Por Ricardo Rocha Aguieiras




"E, no entanto, amamos...


Como é difícil amar, né? Triste perceber que a grande maioria das pessoas vai morrer sem saber o que é amar. E, para os gays, é muito mais difícil, pelo óbvio preconceito e cerceamentos. Mas, no entanto, amamos. Aliás, já falei muito que a Luta Gay é a única revolução que é por amor. A única. Pelo direito de amar. Nenhuma outra luta, no mundo, se equipara à nossa, nesse quesito. E, também no entanto, nos negam, e tornam a negar, há infinitas desculpas e justificativas para impedirem tão forte e bela revolução.

Por isso, considero parceiros gays que se unem pelo amor verdadeiros heróis, enfrentam o mundo do contra, caminhamos na contramão e em tuneis escuros, onde não há luz no fim, pois a luz somos nós, gays. Gays que amam.

No passado recente era ainda mais difícil. Quantos dramas horríveis vimos com questões de herança em famílias onde existia um gay com companheiro, um deles morria e lá estava o egoísmo familiar, contrário do amor, exigindo todos os bens e deixando o companheiro de anos e anos na míngua , após a morte desse gay . Não importava se tinham adquirido bens juntos, o gay perdia tudo e, pelo preconceito e medo da exposição preferia sumir e se calar. Para as famílias só valiam os bens materiais deixados, nunca validaram o amor gay. Queriam tudo, independente de terem expulsado esse gay no passado. Hoje, ainda acontece, mas a Justiça, ainda bem, tem se posicionado em nosso favor na maioria dos casos.
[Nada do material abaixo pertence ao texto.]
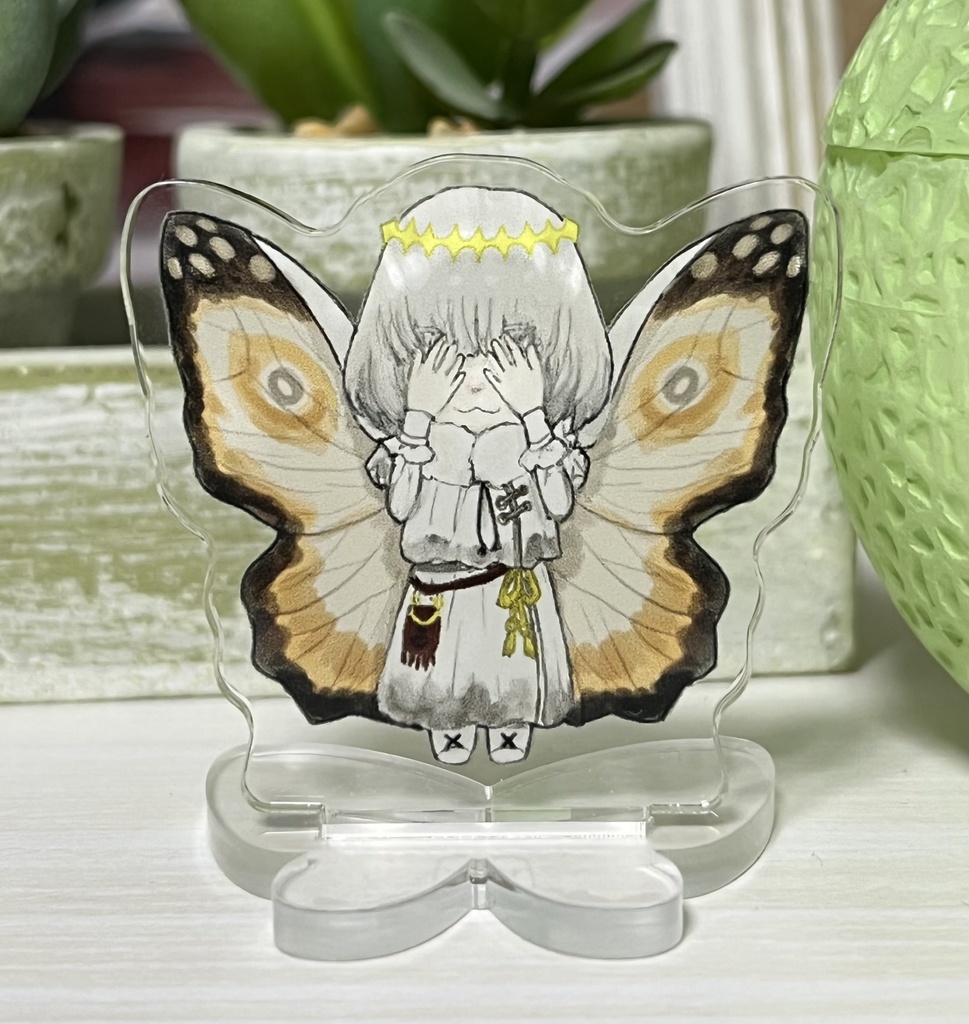 マスターを無視する小虫アクスタ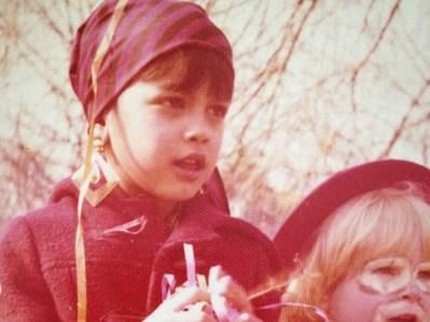Intip 7 Foto Masa Kecil Sophia Latjuba yang Menggemaskan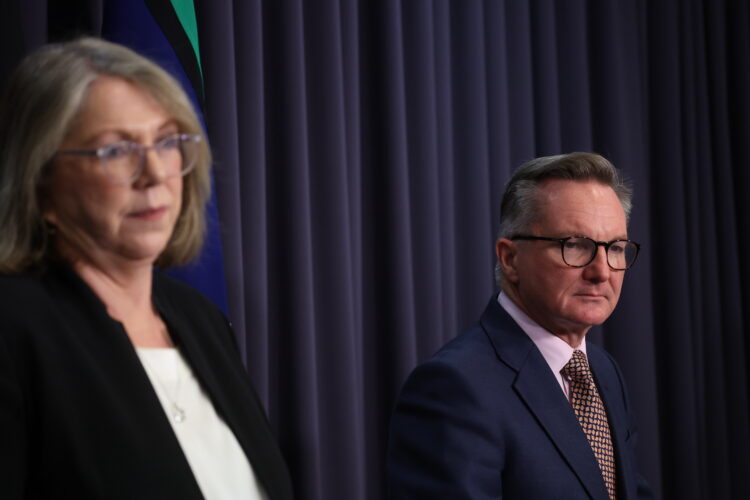 The Point Live: "Weak. Piecemeal. Pathetic" deal struck on gambling reform between major parties, As it happens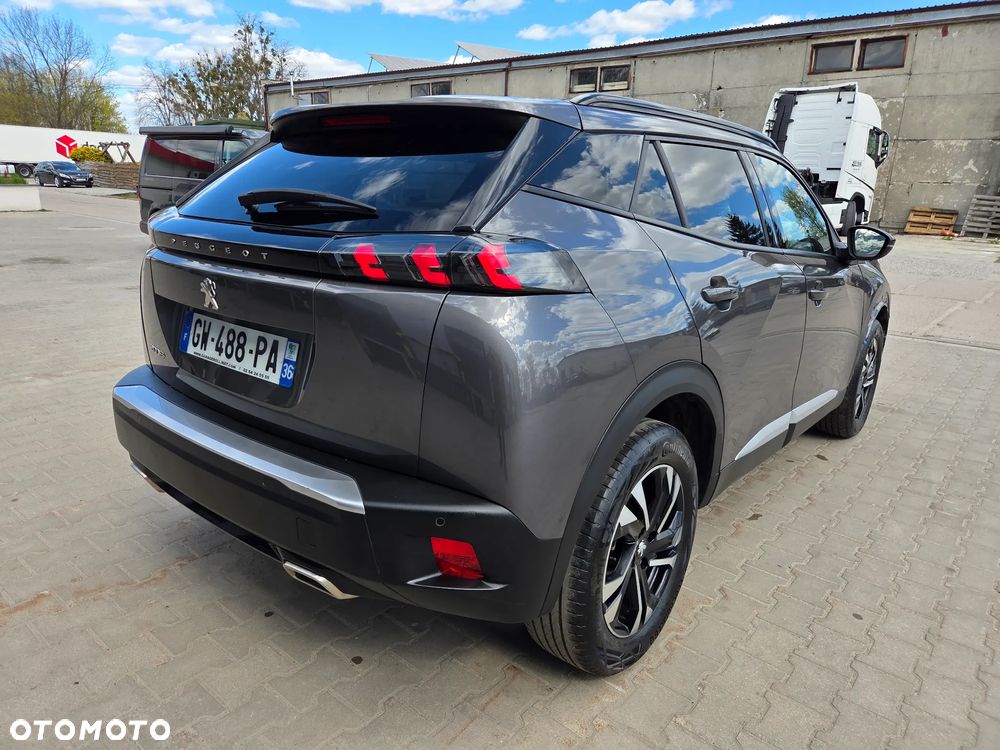 Peugeot 2008 PureTech 130 EAT8 Allure - 14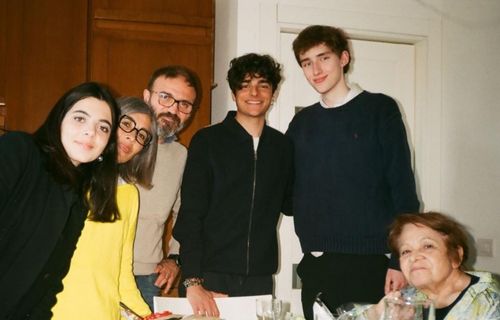 [Translate to English:] Mateusz con la famiglia di Martina Guarnaccia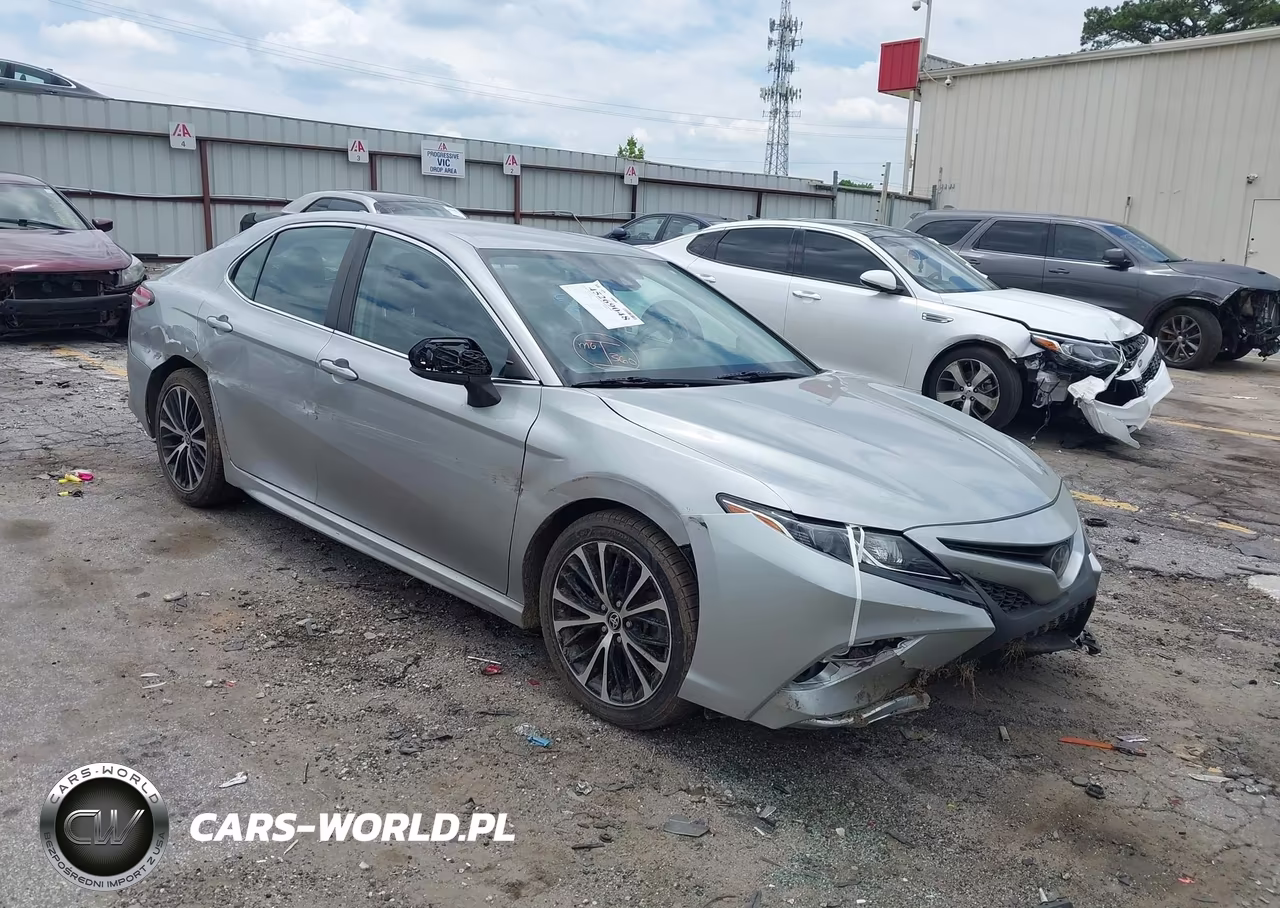 2020 Toyota Camry Se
Lembro-me do poeta Reinaldo Bayrão, companheiro de décadas do militante gay, escritor e artista plástico Darcy Penteado, uma das primeiras vítimas da Aids no Brasil. Darcy sempre foi rico. Retratou princesas e artistas da Hollywood de sua época. Seu apartamento numa cobertura na rua Teixeira da Silva, no bairro Jardins, em Sampa, era enorme e uma verdadeira festa lúdica, cheio de túneis com suas obras, lá os dois viviam em felicidade. Tive o privilégio de conhecer, tanto o espaço como os grandes seres que eram, Darcy e Reinaldo. Após a morte de Darcy, a família ficou com tudo e o Reinaldo foi para a rua. Durante alguns anos eu ainda o via, sempre bêbado, numa sauna gay que existe até hoje, a Termas Le Rouge 80. Sempre procuramos acolhimento nesses espaços que os outros, não gays, condenam com, novamente, um monte de “argumentos” e negam o preconceito, negam a homofobia, negam a gayfobia. Não fica bem na foto a verdade da alma.

Um dia, Reinaldo me disse: “eu sou homem de um homem só, de um homem só”. Eu sabia que ele se referia ao Darcy. Pouco depois, Reinaldo se matou.

E, no entanto, amamos. Quem sabe sentir, quem lê nas entrelinhas da vida e nas entrelinhas dos aplicativos de paquera gay, quem enxerga o fundo dos pixels de uma selfie, percebe o amor, ali, brotando mesmo em meio ao desespero e ao medo. Fortes que somos, nós, gays, pulamos esses obstáculos melhor que cavalo de corrida lá no Jóquei Clube, tudo para nos deparar com o escondido amor que há no olhar de outro gay. Ele , o amor, existe! Um dia, irão entender. E faremos outra revolução e outra ainda e mais outra. Sempre pelo amor. Cupidos também flecham Triângulos Rosa."